Si wanita menyingkirkan tangannya. Si pria pakai pakaian lengkap, sementara dirinya tidak pakai apa-apa. Kok kelihatannya tidak imbang sekali ya? Angelina Lian mengambil bantal dan menaruhnya di depan dada untuk menutupi “dua gunung”. Dia lalu bertanya, “Apa itu?”

“Vero He belakangan sedang nego dengan sebuah merek fashion terkenal Italia untuk masuk Parkway Plaza. Mediator negosiasi ini adalah pria yang menghidupi kakak perempuannya. Kalau Lindsey Song tahu soal ini, ia pasti akan sangat marah. Kebetulan sekali Jumat malam ini akan ada pesta kostum bagi para klien VIP Parkway Plaza,” cerita sip ria.

Meski tertidur tujuh tahun, otak Angelina Lian tidak rusak sama sekali. Pikirannya dengan cepat bekerja dan terpikir sesuatu, “Ada fotonya?”

“Memang pintar wanita yang cocok denganku ini,” puji si pria dengan senyum tipis. Pria berpanggilan "Silver Eagle” itu merogoh foto-foto yang sudah dicuci dan menyodorkannya pada si wanita.

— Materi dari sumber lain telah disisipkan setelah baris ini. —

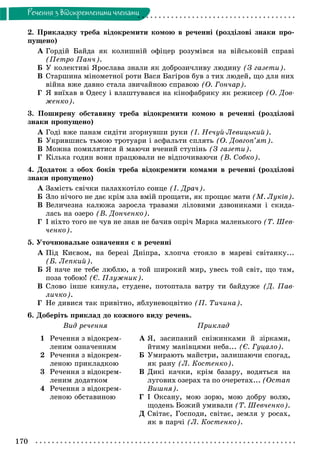 170
Ðå÷åííÿ ç âiäîêðåìëåíèìè ÷ëåíàìè
2. Ïðèêëàäêó òðåáà âіäîêðåìèòè êîìîþ â ðå÷åííі (ðîçäіëîâі çíàêè ïðî-
ïóùåíî)
À Ãîðäіé Áàéäà ÿê êîëèøíіé îôіöåð ðîçóìіâñÿ íà âіéñüêîâіé ñïðàâі
(Ïåòðî Ïàí÷).
Á Ó êîëåêòèâі ßðîñëàâà çíàëè ÿê äîáðîçè÷ëèâó ëþäèíó (Ç ãàçåòè).
Â Ñòàðøèíà ìіíîìåòíîї ðîòè Âàñÿ Áàãіðîâ áóâ ç òèõ ëþäåé, ùî äëÿ íèõ
âіéíà âæå äàâíî ñòàëà çâè÷àéíîþ ñïðàâîþ (Î. Ãîí÷àð).
Ã ß âèїõàâ â Îäåñó і âëàøòóâàâñÿ íà êіíîôàáðèêó ÿê ðåæèñåð (Î. Äîâ-
æåíêî).
3. Ïîøèðåíó îáñòàâèíó òðåáà âіäîêðåìèòè êîìîþ â ðå÷åííі (ðîçäіëîâі
çíàêè ïðîïóùåíî)
À Ãîäі âæå ïàíàì ñèäіòè çãîðíóâøè ðóêè (І. Íå÷óé-Ëåâèöüêèé).
Á Óêðèâøèñü òüìîþ òðîòóàðè і àñôàëüòè ñïëÿòü (Î. Äîâãîï’ÿò).
Â Ìîæíà ïîìèëÿòèñÿ é ìàþ÷è â÷åíèé ñòóïіíü (Ç ãàçåòè).
Ã Êіëüêà ãîäèí âîíè ïðàöþâàëè íå âіäïî÷èâàþ÷è (Â. Ñîáêî).
4. Äîäàòîê ç îáîõ áîêіâ òðåáà âіäîêðåìèòè êîìàìè â ðå÷åííі (ðîçäіëîâі
çíàêè ïðîïóùåíî)
À Çàìіñòü ñâі÷êè ïàëàõêîòіëî ñîíöå (І. Äðà÷).
Á Çëî íі÷îãî íå äàє êðіì çëà âìіé ïðîùàòè, ÿê ïðîùàє ìàòè (Ì. Ëóêіâ).
Â Âåëè÷åçíà êàëþæà çàðîñëà òðàâàìè ëіëîâèìè äçâîíèêàìè і ñêèäà-
ëàñü íà îçåðî (Â. Äîí÷åíêî).
Ã І íіõòî òîãî íå ÷óâ íå çíàâ íå áà÷èâ îïðі÷ Ìàðêà ìàëåíüêîãî (Ò. Øåâ-
÷åíêî).
5. Óòî÷íþâàëüíå îçíà÷åííÿ є â ðå÷åííі
À Ïіä Êèєâîì, íà áåðåçі Äíіïðà, õëîï÷à ñòîÿëî â ìàðåâі ñâіòàíêó...
(Á. Ëåïêèé).
Á ß íà÷å íå òåáå ëþáëþ, à òîé øèðîêèé ìèð, óâåñü òîé ñâіò, ùî òàì,
ïîçà òîáîþ! (Є. Ïëóæíèê).
Â Ñëîâî іíøå êèíóëà, ñòóäåíå, ïîòîïòàëà âàòðó òè áàéäóæå (Ä. Ïàâ-
ëè÷êî).
Ã Íå äèâèñÿ òàê ïðèâіòíî, ÿáëóíåâîöâіòíî (Ï. Òè÷èíà).
6. Äîáåðіòü ïðèêëàä äî êîæíîãî âèäó ðå÷åíü.
Âèä ðå÷åííÿ Ïðèêëàä
1
2
3
4
Ðå÷åííÿ ç âіäîêðåì-
ëåíèì îçíà÷åííÿì
Ðå÷åííÿ ç âіäîêðåì-
ëåíîþ ïðèêëàäêîþ
Ðå÷åííÿ ç âіäîêðåì-
ëåíèì äîäàòêîì
Ðå÷åííÿ ç âіäîêðåì-
ëåíîþ îáñòàâèíîþ
À ß, çàñèïàíèé ñíіæèíêàìè é çіðêàìè,
éòèìó ìàíіâöÿìè íåáà... (Є. Ãóöàëî).
Á Óìèðàþòü ìàéñòðè, çàëèøàþ÷è ñïîãàä,
ÿê ðàíó (Ë. Êîñòåíêî).
Â Äèêі êà÷êè, êðіì áàçàðó, âîäÿòüñÿ íà
ëóãîâèõ îçåðàõ òà ïî î÷åðåòàõ... (Îñòàï
Âèøíÿ).
Ã І Îêñàíó, ìîþ çîðþ, ìîþ äîáðó âîëþ,
ùîäåíü Áîæèé óìèâàëè (Ò. Øåâ÷åíêî).
Ä Ñâіòàє, Ãîñïîäè, ñâіòàє, çåìëÿ ó ðîñàõ,
ÿê â ïàð÷і (Ë. Êîñòåíêî).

Angelina Lain menerima semua foto itu. Ia membolak-balik semuanya satu per satu, lalu berkomentar: “Kelihatannya Vero He tidak sesempurna yang dunia luar tahu ya. Aku pikir hari-harinya sangat indah, ternyata ia juga masih main nakal begitu. Oh iya, sudah berhasil menelusuri apa hubungan dia dengan keluarga He?”

“Dengar-dengar sih dia anak haram keluarga He yang dulu terabaikan di luar. Tetapi, aku curiga ia bisa juga wanita gelap yang dihidupi Felix He atau James He.” Si pria mengeluarkan korek api dan menyalakan rokok. Ia lalu menghisapnya dan menghembuskan asap tebal.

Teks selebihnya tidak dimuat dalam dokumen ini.